On June 28 Greg Dingle, a recent high school graduate, published an article entitled “School’s a good place to leave” in our local newpaper. I felt that Greg expressed exactly my sentiments about the high school curriculum. After a teacher wrote in to criticize Greg’s opinion, saying he hadn’t had enough life experience to judge whether his studies would be helpful, I also wrote an article to support Greg. I’m reproducing it here for Island Parent readers, to help those of you whose children are in high school to think about the meaning of their education.
“I graduated from high school in 1957, and my youngest child graduated this year, so I’m familiar with the curriculum back then and now, and it basically hasn’t changed. Elementary school is very helpful. We learn to read, write, do basic arithmetic, and coordinate our bodies through physical education – essentials without which we couldn’t get by in life. But the higher we go in school, the more irrelevant the curriculum becomes.
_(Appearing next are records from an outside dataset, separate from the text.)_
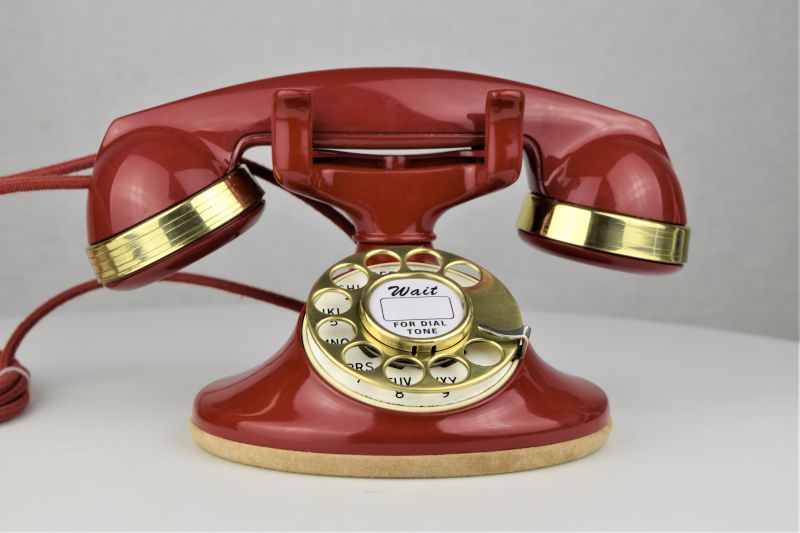 202 - Deep Red - Brass Trim
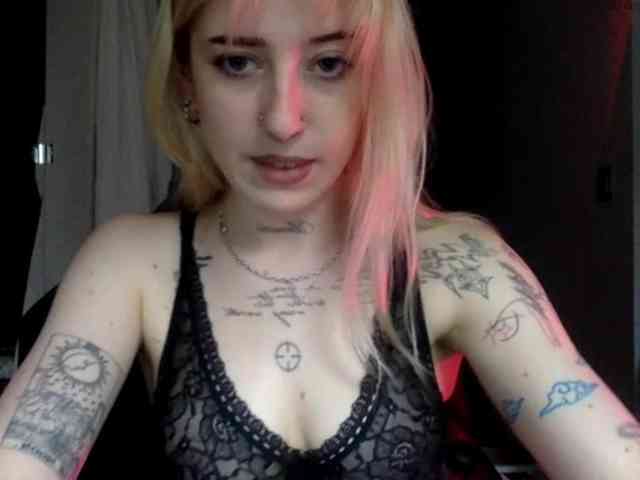 Emmyhot webcam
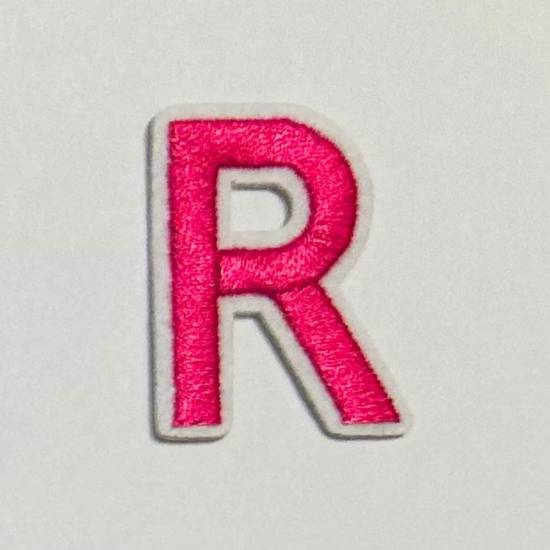 Patch it! | Design 111 | Letter: R | iron-on | 4x3 cm | bright pink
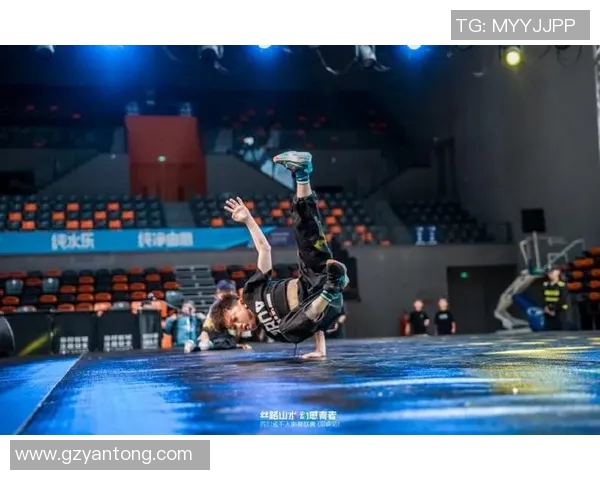 街舞热潮下的心理战：深入成都街舞队员的内心世界与成长之路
Why is everyone forced to study algebra, geometry and Shakespeare at the age of 17? Personally, all these subjects interest me – but they should be optional fields of study which people can choose to take as part of their higher education.
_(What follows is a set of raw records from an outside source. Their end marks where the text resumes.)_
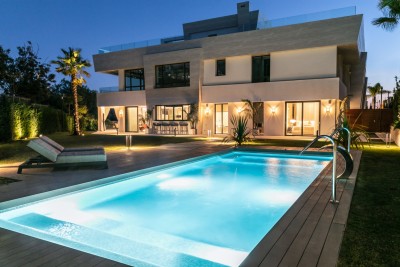 829158 - Apartment For sale in Golden Mile, Marbella, Málaga, Spain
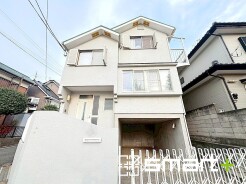 ～綺麗にお使いの外観～
・外観も綺麗にお使いなので、築年数を感じさせない見た目となっております。
・外壁や屋根のリフォームなどをお考えの方もお気軽にご相談くださいませ。
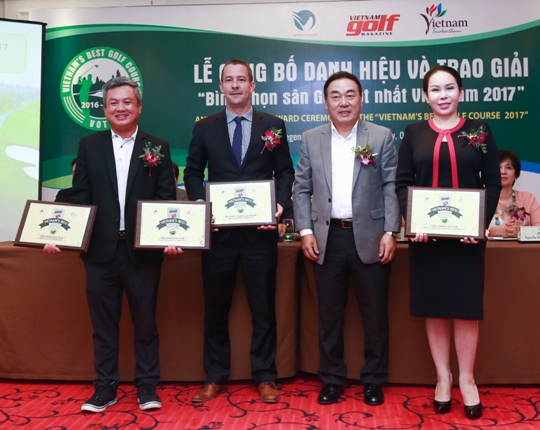 Ông Evans Mahoney (Thứ hai từ trái sang) Giám đốc vận hành các sân golf phía Bắc, Tập đoàn BRG nhận giải thưởng “Best Caddie Course 2017 – Sân gôn có Caddie Tốt nhất 2017” dành cho BRG King Island Golf Resort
“I wouldn’t mind these esoteric interests being in the high school curriculum (as electives) if the school system also provided the basic life skills kids need before venturing out into the adult world. Where are the courses on conflict resolution? Budgeting? Parenting? Purchasing wisely? We need to have mandatory high school courses in all these things. Word processing and basic computer use should also be compulsory rather than optional. In grade 12 I bullied my school into allowing me to take introductory typing, something they never considered for me since I was their academic star pupil. I look back at it as the only truly useful course I took in high school.
“And why are the “academic” courses restricted to hard science, history and geography, English, and French? Where are all the other subjects which give important perspective on our world – psychology, anthropology, economics, philosophy, and so on? Yes, a few kids, like my son, are fascinated by chemistry, but many more would be interested in courses which help them understand what makes people and society tick.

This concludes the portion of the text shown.